Bug #104128 Poor performance for queries with tuple comparison
Submitted: 28 Jun 2021 7:00 Modified: 28 Jun 2021 15:26
Reporter: Hamid Alaei Email Updates:
Status: Duplicate Impact on me:
None 
Category:MySQL Server Severity:S3 (Non-critical)
Version:8.0.25 OS:Ubuntu (18.04)
Assigned to: CPU Architecture:x86 (Core i7)

[28 Jun 2021 7:00] Hamid Alaei
Description:
According to (https://dev.mysql.com/doc/refman/8.0/en/row-constructor-optimization.html), using tuple comparison, if not mixed with single column comparison, should be equivalent of rewriting the query using single column comparison and "and" "or" operations in terms of how efficient the DB can benefit from an index. However, I find a scenario in which using tuple comparison is even worse than scanning the whole table. Not only the DB can't use the index to skip rows not in the range, but also the query run-time is several times slower than running an equivalent query on a table without index.
I find the issue while testing a Laravel PR. I have my test case there too:
https://github.com/laravel/framework/pull/37762#issuecomment-868484453

How to repeat:
# Table:
CREATE TABLE `foos` (
  `id` bigint unsigned NOT NULL AUTO_INCREMENT,
  `foo` int NOT NULL,
  `bar` int NOT NULL,
  `baz` int NOT NULL,
  `created_at` timestamp NULL DEFAULT NULL,
  `updated_at` timestamp NULL DEFAULT NULL,
  PRIMARY KEY (`id`),
  KEY `foos_foo_bar_baz_index` (`foo`,`bar`,`baz`)
) ENGINE=InnoDB AUTO_INCREMENT=2000001 DEFAULT CHARSET=utf8mb4 COLLATE=utf8mb4_unicode_ci;

# Data:
The table is seeded with 2 million records, with 0<=foo<10, 0<=bar<10, 0<=baz<20000. This distribution noticeably slows down queries that can't use the entire 12-byte length of the multi-column index.

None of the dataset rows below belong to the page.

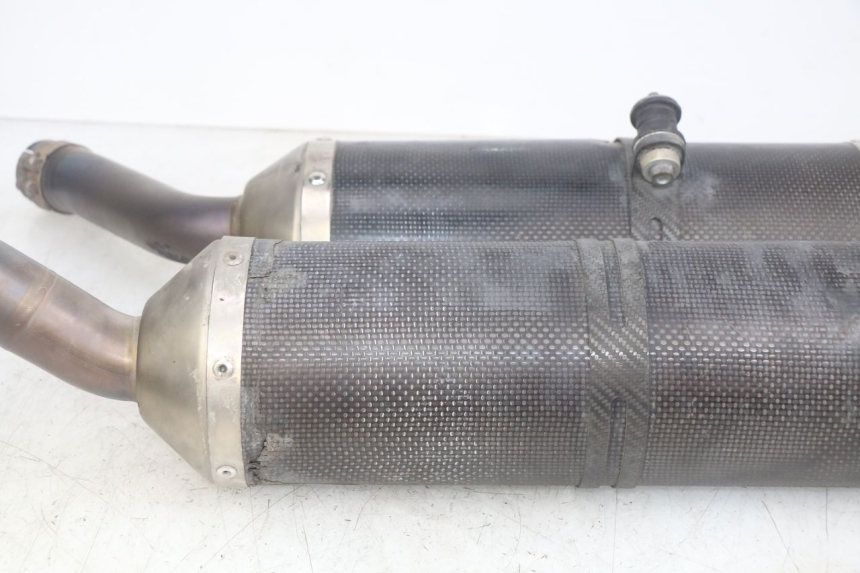 photo de POT ECHAPPEMENT YAMAHA YZF R1 1000 (2007 - 2008)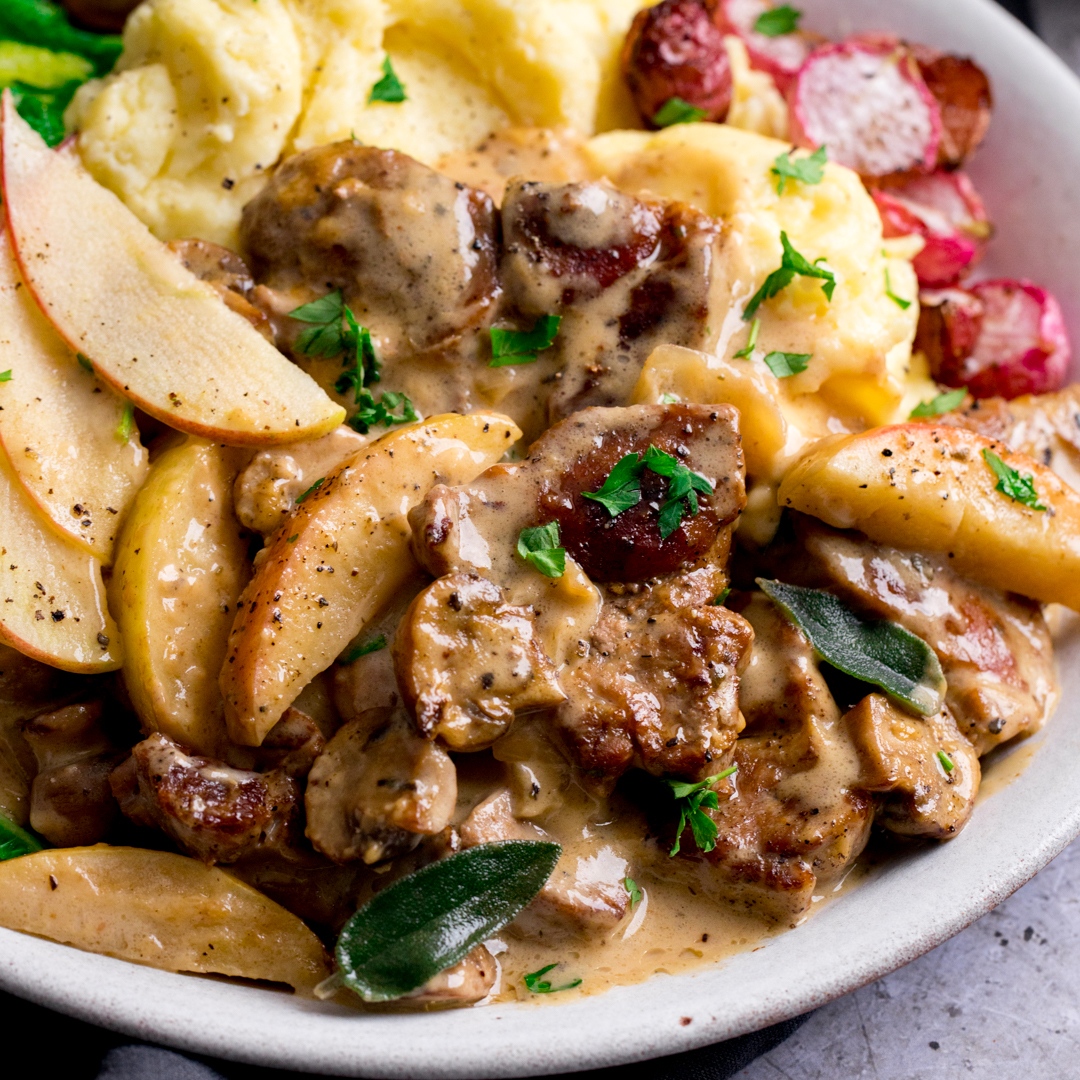 Slow-cooked pork with cider &amp; apples, finished with a splash of cream. 
A lovely comforting #casserole that uses inexpensive pork shoulder steaks.
Serve with mashed potatoes &amp; green veg for a hearty Winter dinner.😋
kitchensanctuary.com/creamy-pork-ap…⁠
 #slowcookedpork #familydinner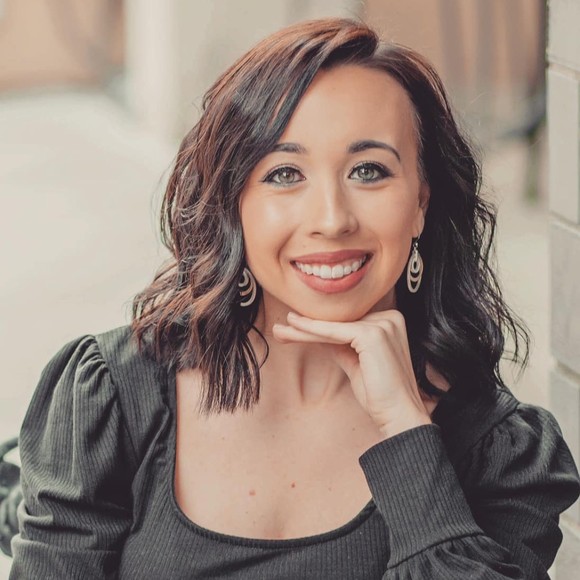 Meet your Posher, Taylor - Picture 1 of 1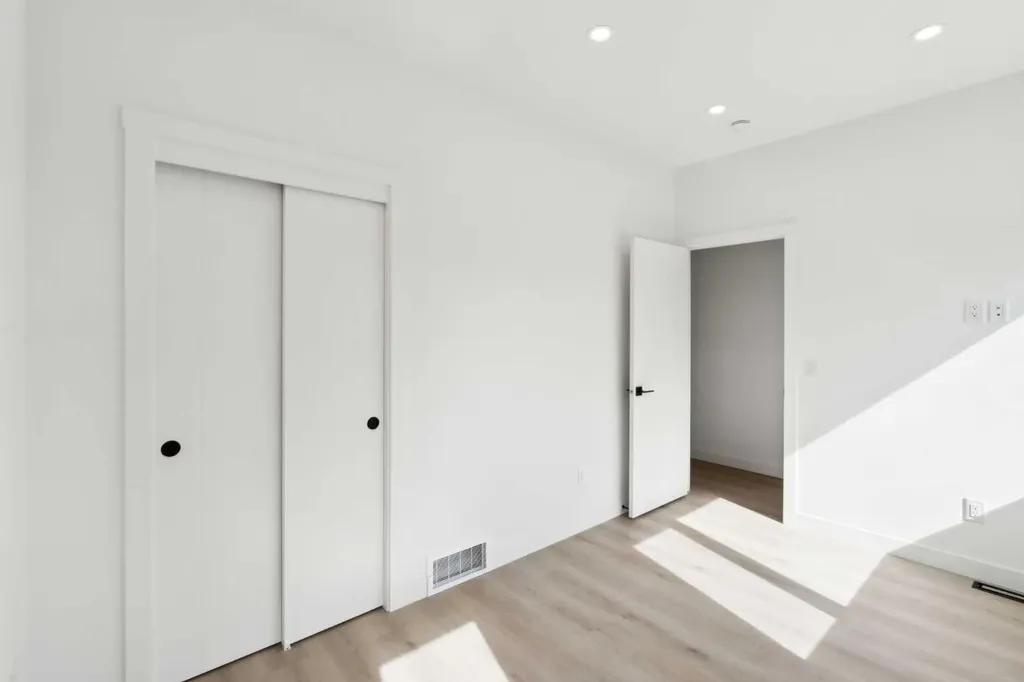2831 36 Street SW Calgary AB T3E 2Z9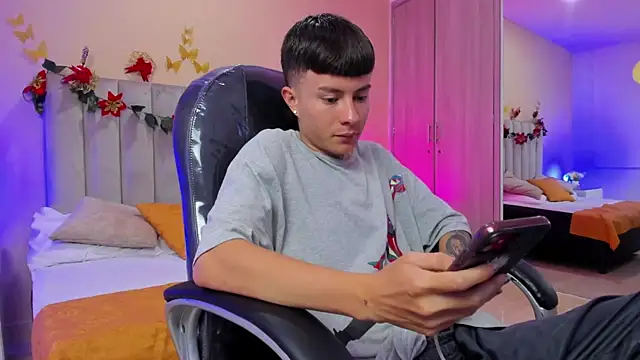 Snapshot of Nascary_Fox chatting on January 5, 2026, 7:17 pm Nascary Fox online show from January 5, 2026, 7:17 pm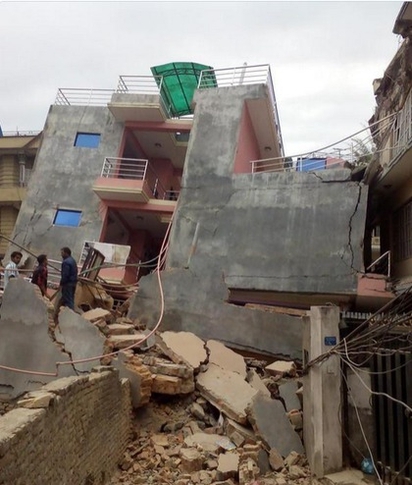 尼泊爾7.9強震 建築物倒塌 | 
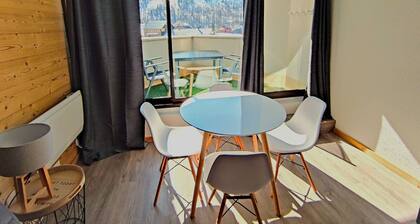 Appartement Rénové 2P avec Balcon Sud, Front de Neige, au Pied des Pistes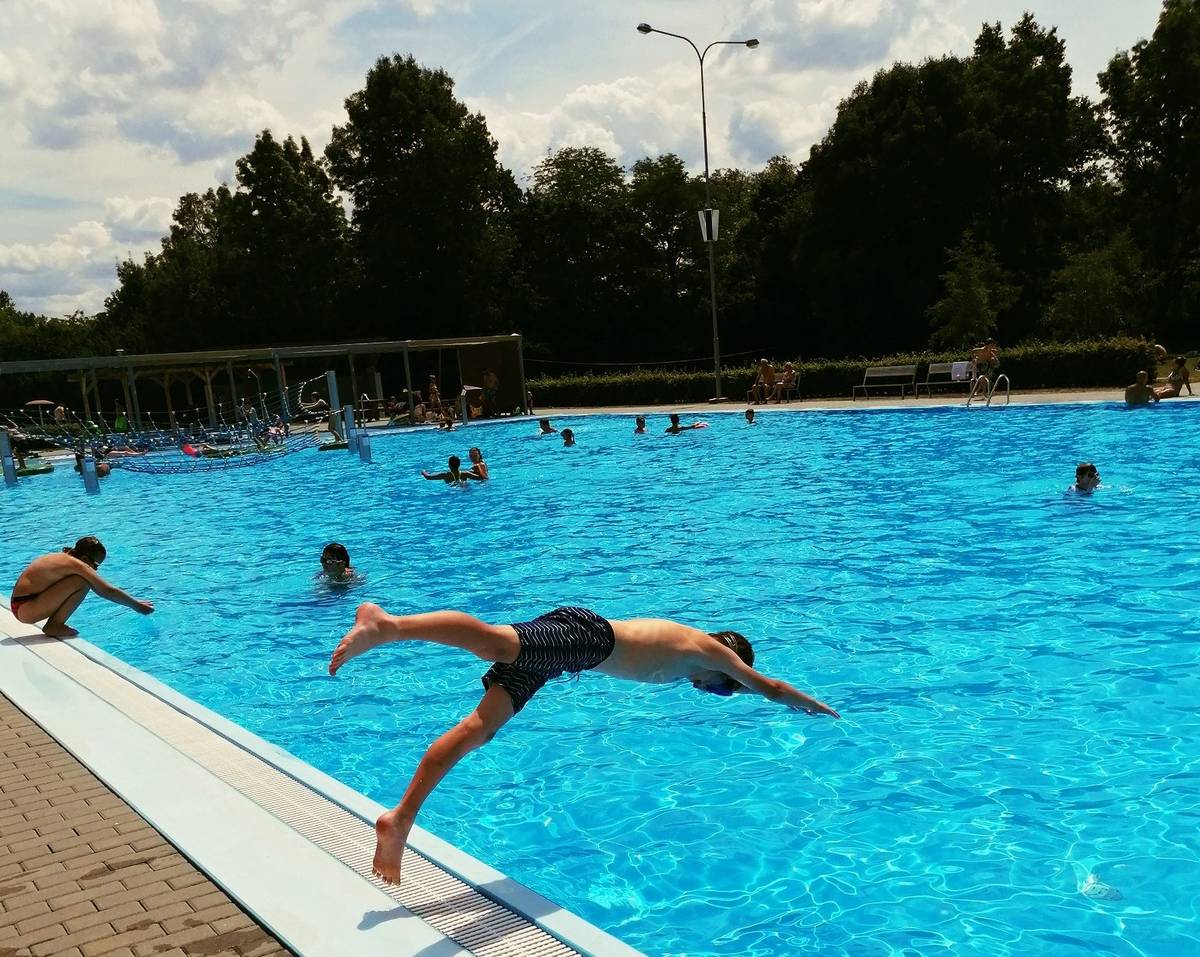 Počasí v příštích dnech přímo vybízí k návštěvě koupaliště! Přijďte si užít letní pohodu na naše koupaliště – voda má příjemnou teplotu a počasí v příštích dnech slibuje samé slunečné chvíle! S Kartou občana máte slevu na vstupném než 50 %!  Otevřeno každý den od 10:00 do 20:00. Těšíme se na vás!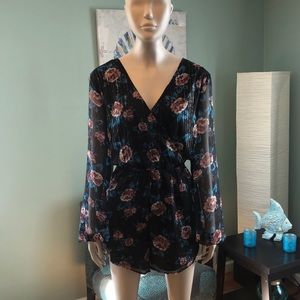 Charlotte Russe Long Sleeve Flower Romper size L!!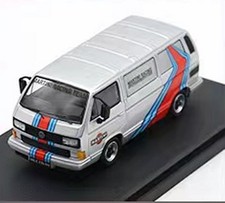VW Volkswagen T3 Bus - B32 Porsche - 1985 - MARTINI - Master DC 1:64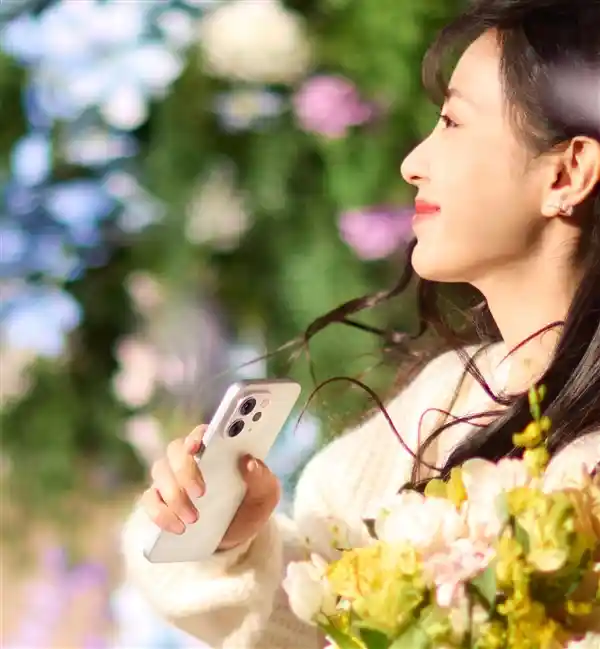 田曦薇代言vivo S50惊现真机：金属中框成最大亮点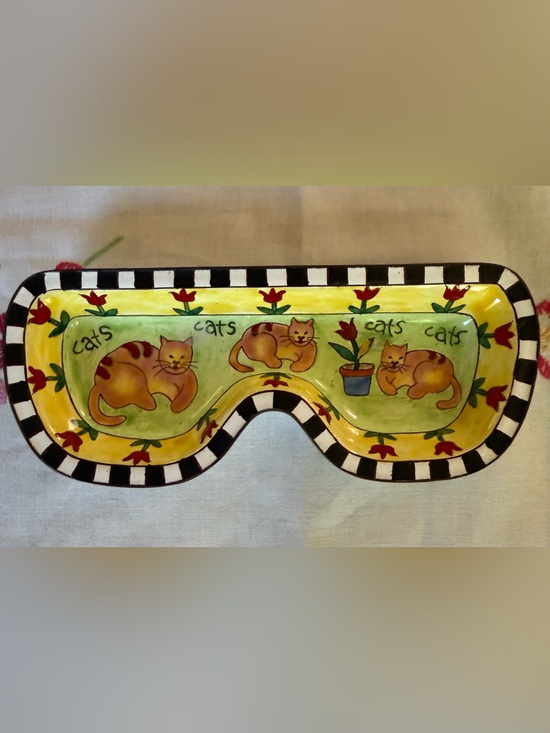 Kevin Chen Accessories - Kevin Chen enamel on copper eyeglass holder tray “Cats” design signed Vintage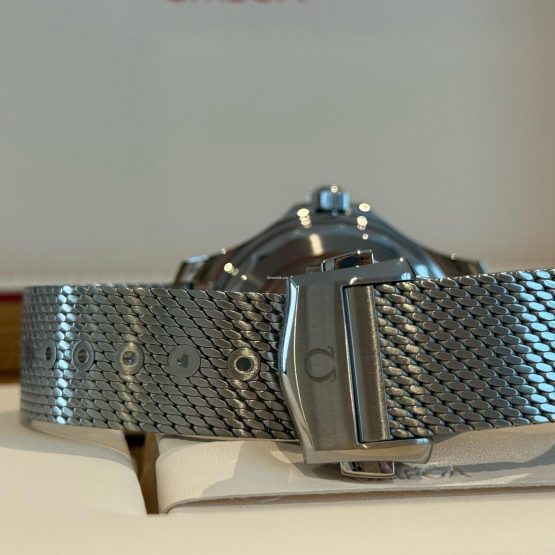 Omega-Seamaster-Diver-300-M-27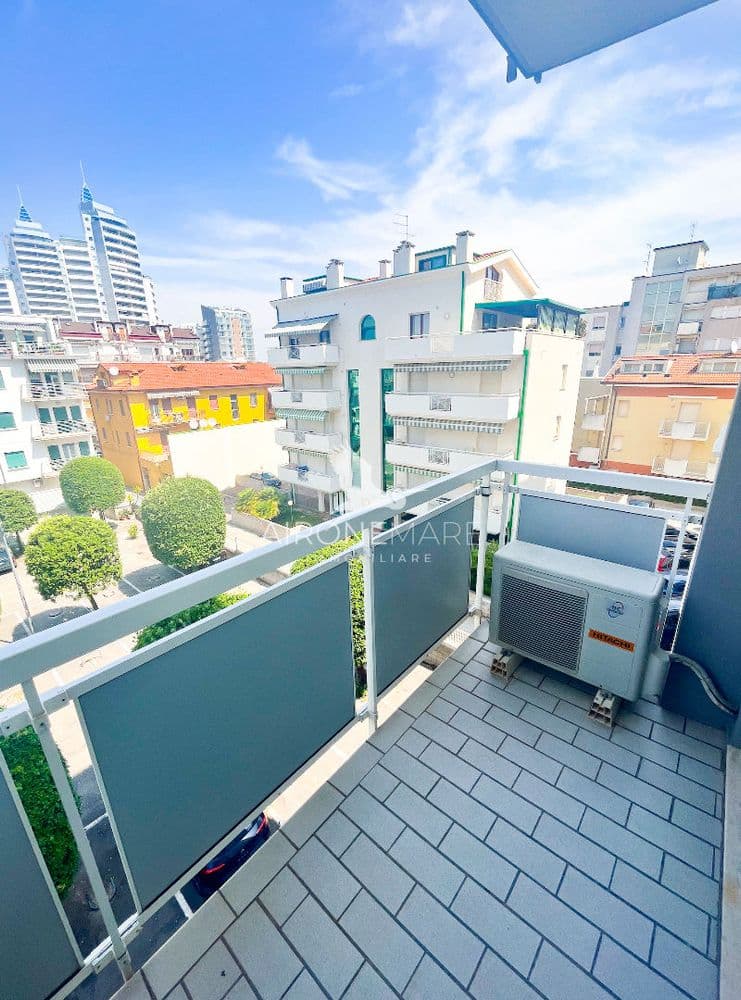 The alternative text...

for ($foo = 0; $foo < 10; $foo++) {
    for ($bar = 0; $bar < 10; $bar++) {
        for ($i = 0; $i < 20000; $i += 100) {
            $values = [];
            $date = now();
            for ($baz = $i; $baz < $i + 100; $baz++) {
                $values[] = [
                    'foo' => $foo,
                    'bar' => $bar,
                    'baz' => $baz,
                    'created_at' => $date,
                    'updated_at' => $date,
                ];
            }
            \App\Models\Foo::query()->insert($values);
        }
    }
}

# Query with tuple comparison:

select * from `foos` where (`foo`, `bar`, `baz`) > (9, 9, 19000) order by `foo` asc, `bar` asc, `baz` asc limit 51

Runtime: 16 seconds.
key_len reported by explain select statement: 12.
This result must be a bug from MySQL. It is multiple times slower than scanning the whole table, e.g. by select count(*).

# Equivalent single comparison query:
select * from `foos` where (`foo` > 9 or (`foo` = 9 and (`bar` > 9 or (`bar` = 9 and (`baz` > 19000))))) order by `foo` asc, `bar` asc, `baz` asc limit 51;

Runtime: less than 2 milliseconds.
key_len reported by explain select statement: 12.

# Note
It seems to me that with tuple comparison, the index is used to filter the rows after the given range, but MySQL always start the search from the beginning of the index, even though the desired rows are at the end of the index. So if I change the range query from > (9, 9, 19000) to > (0, 0, 0), the query will run much faster.
[28 Jun 2021 8:45] MySQL Verification Team
Bug 32585422 - "ROW COMPARISONS" ARE EXECUTED INEFFICIENTLY
[28 Jun 2021 13:14] MySQL Verification Team
Hi Mr. Alael,

Thank you very much for your bug report.

However, this bug is a duplicate of an internally-filed bug report, which is not yet scheduled for fixing, but it is already verified.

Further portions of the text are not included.